In Richmond URF, LLC, the applicant, the owner of a vacant lot in the Van Vorst Historic District of Jersey City, sought a height variance pursuant to N.J.S.A. 40:55D-70(d)(6) to construct a 48.5 foot, four-story, four-unit townhouse building. Buildings of four stories and 40 feet are permitted in the zone. In support of its application, applicant’s experts testified that he faced a hardship justifying a height variance because, in the wake of SuperStorm Sandy, the Federal Emergency Management Agency (“FEMA”) amended its regulations to require that the first habitable floor of a building be 13 feet above sea level in this area of Jersey City – two feet higher than was required before the amendments.
The Jersey City Zoning Board of Adjustment (“ZBA”) approved the application and Richmond URF, LLC, the objector and the owner of an adjacent three-story building, filed a complaint in lieu of prerogative writs challenging grant of the variance, which the Law Division affirmed. The Appellate Division also ultimately affirmed the grant of the variance, but declined to do so on the basis of hardship. Applying the standard declared in Grasso v. Borough of Spring Lake Heights, the Appellate Division did not find persuasive the applicant’s argument that the amended FEMA regulations produced a hardship.
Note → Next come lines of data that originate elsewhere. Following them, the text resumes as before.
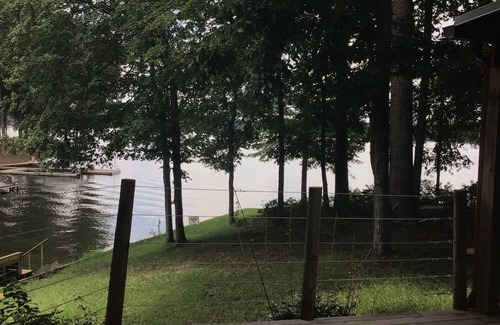 Buckhead House | Lakefront cottage on rustic setting in cove
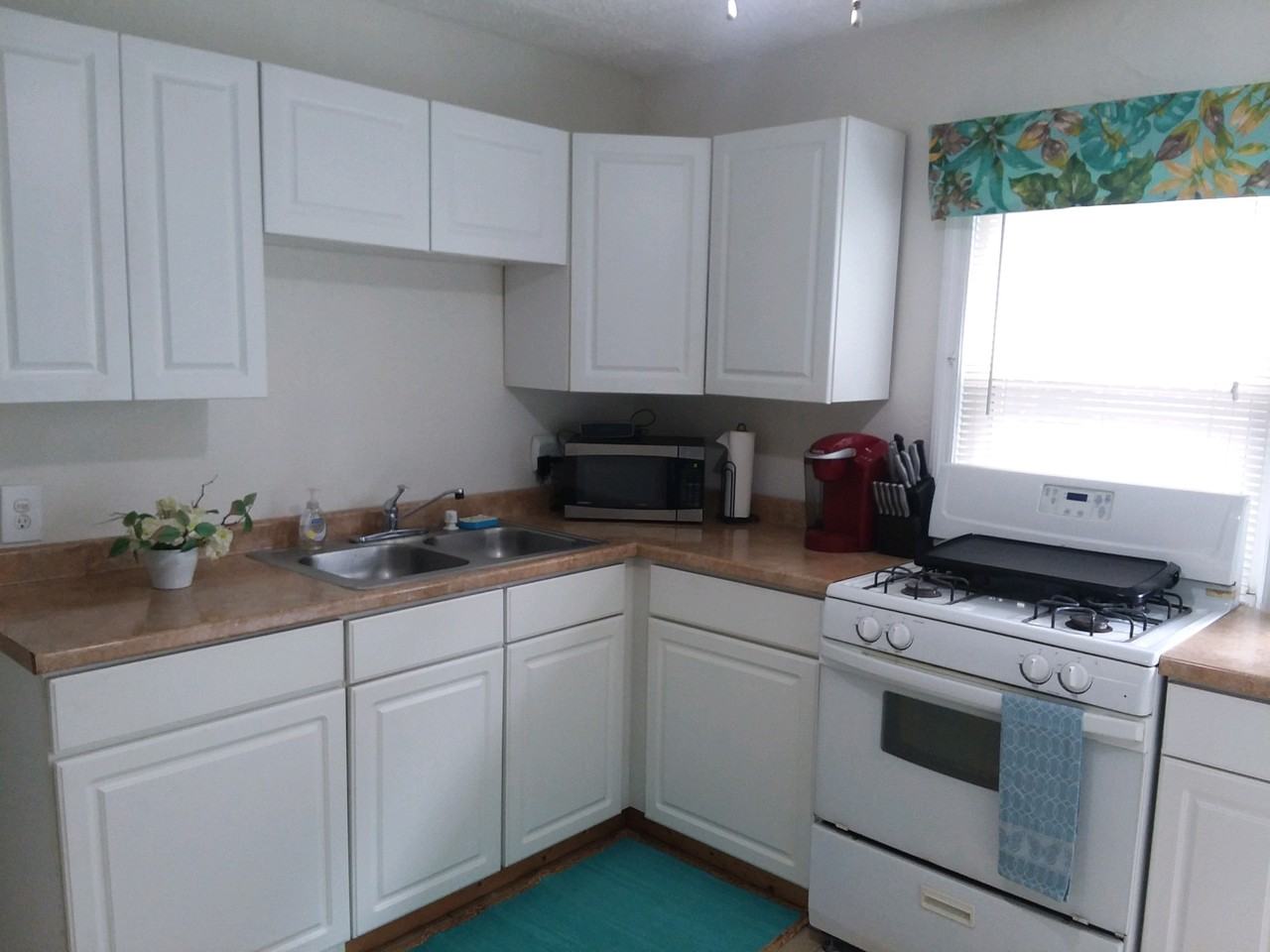 1508 W Ocean View Ave #1 - Photo 4 of 16
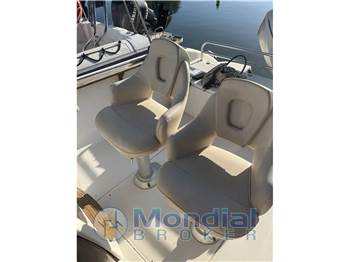 Sessa Marine Key Largo 22'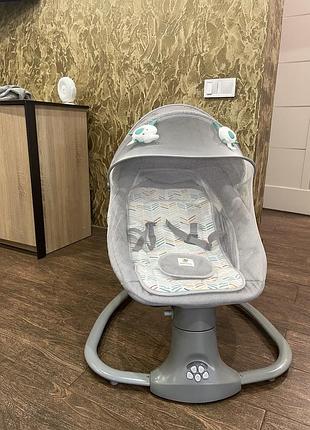 Заколисуючий центр mastela для малюків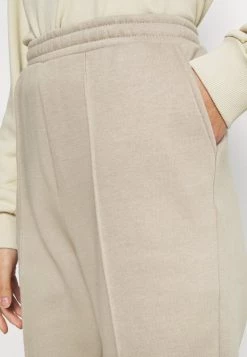 Nly by Nelly ULTIMATE COZY JOGGERS - Beige Jogginghose für Damen | Bequeme Freizeithose -Nly by Nelly Verkaufsladen 88d0ac6959da4613b5ed8b8c16061342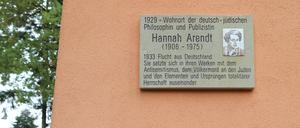 Oberbürgermeister Mike Schubert (links) enthüllt gemeinsam mit Günther Kruse in Erinnerung an Hannah Arendt die neue Gedenktafel am früheren Wohnhaus im Stadtteil Babelsberg.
The court emphasized that the amended regulations “increased the required elevation of the first habitable floor by only two feet,” and that “[i]n any event, the increased elevation of the first habitable floor did not prohibit [the applicant]’s ‘utilization of the property for a conforming structure’ of three floors or less.” Recognizing that applicant’s FEMA-based argument was also inherently rooted in the argument that the applicant required certain square footage for maximum profitability, the Appellate Division noted that the applicant’s “inability to make the most profitable use of the Property, without building a fourth story, is not sufficient to show hardship in a (d)(6) variance application.” Consequently, for these reasons, and because the testimony from both applicant’s and the objector’s experts indicated that the applicant could have built a townhouse that would have conformed to the zone requirements, the Appellate Division declined to affirm the variance on the basis of hardship.
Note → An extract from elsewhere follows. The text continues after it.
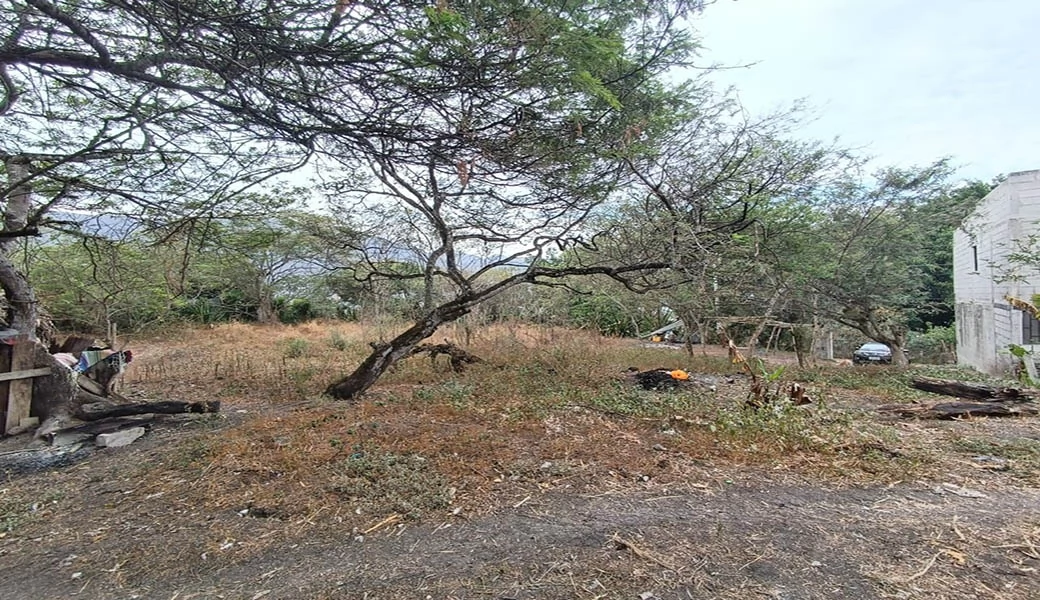 TERRENO EN VENTA – YUNGUILLA – LA UNIÓN – 1400M2 PLANITOS – OPORTUNIDAD.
Ultimately, the court affirmed the grant of the variance on the basis of the proposed building’s consistency with the surrounding neighborhood. The applicant’s experts, and the ZBA’s Senior Planner, provided extensive testimony establishing that the building would not be inconsistent with the surrounding neighborhood. The objector argued that the applicant needed to show additional proofs in light of the Appellate Division’s recent decision in Jacoby v. Zoning Board of Adjustment of the Borough of Englewood Cliffs, but the court held that such showing was not required because the proposed building “did not substantially exceed the local height restriction.”
The court also rejected the objector’s argument that applicant was required to perform a “computer-generated ‘shadow study,’” noting that the objector “produced no authority, nor can we find any, that requires such a ‘shadow study’ before a zoning board grants a height variance.” Furthermore, the court emphasized, the applicant provided the testimony of an architect and a planner establishing that the building’s shadows would not unduly burden the surrounding area, and that this testimony was more specific and persuasive than the objector’s expert’s comment that the building’s height was “going to shadow in some way, shape or form . . . somewhere at some point.”
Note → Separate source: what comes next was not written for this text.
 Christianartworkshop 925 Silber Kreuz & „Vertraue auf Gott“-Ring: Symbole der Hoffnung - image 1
While Richmond URF, LLC does not foreclose the possibility that FEMA’s amendments to the base floor elevation requirements after SuperStorm Sandy may give rise to a showing of hardship for some properties, it does make clear that minor changes in the requirements, alone, are insufficient to evidence hardship. Whether a substantial increase in base floor elevation, in the absence of a corresponding amendment to a local ordinance’s height requirements, may constitute hardship for purposes of a height variance is yet to be established.